## Data to process
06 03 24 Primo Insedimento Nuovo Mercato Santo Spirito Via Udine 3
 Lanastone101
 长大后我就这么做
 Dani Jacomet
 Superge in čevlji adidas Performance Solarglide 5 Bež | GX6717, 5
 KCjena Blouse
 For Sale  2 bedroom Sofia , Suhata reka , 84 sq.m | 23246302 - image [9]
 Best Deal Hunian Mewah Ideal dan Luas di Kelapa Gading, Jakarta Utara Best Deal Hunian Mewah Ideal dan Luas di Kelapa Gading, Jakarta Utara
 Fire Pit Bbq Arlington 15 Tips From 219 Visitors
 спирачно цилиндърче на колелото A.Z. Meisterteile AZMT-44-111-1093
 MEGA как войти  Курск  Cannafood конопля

## Task prompt
Exactly as written above, set down the whole listing again.

## Response to this exercise
06 03 24 Primo Insedimento Nuovo Mercato Santo Spirito Via Udine 3
 Lanastone101
 长大后我就这么做
 Dani Jacomet
 Superge in čevlji adidas Performance Solarglide 5 Bež | GX6717, 5
 KCjena Blouse
 For Sale  2 bedroom Sofia , Suhata reka , 84 sq.m | 23246302 - image [9]
 Best Deal Hunian Mewah Ideal dan Luas di Kelapa Gading, Jakarta Utara Best Deal Hunian Mewah Ideal dan Luas di Kelapa Gading, Jakarta Utara
 Fire Pit Bbq Arlington 15 Tips From 219 Visitors
 спирачно цилиндърче на колелото A.Z. Meisterteile AZMT-44-111-1093
 MEGA как войти  Курск  Cannafood конопля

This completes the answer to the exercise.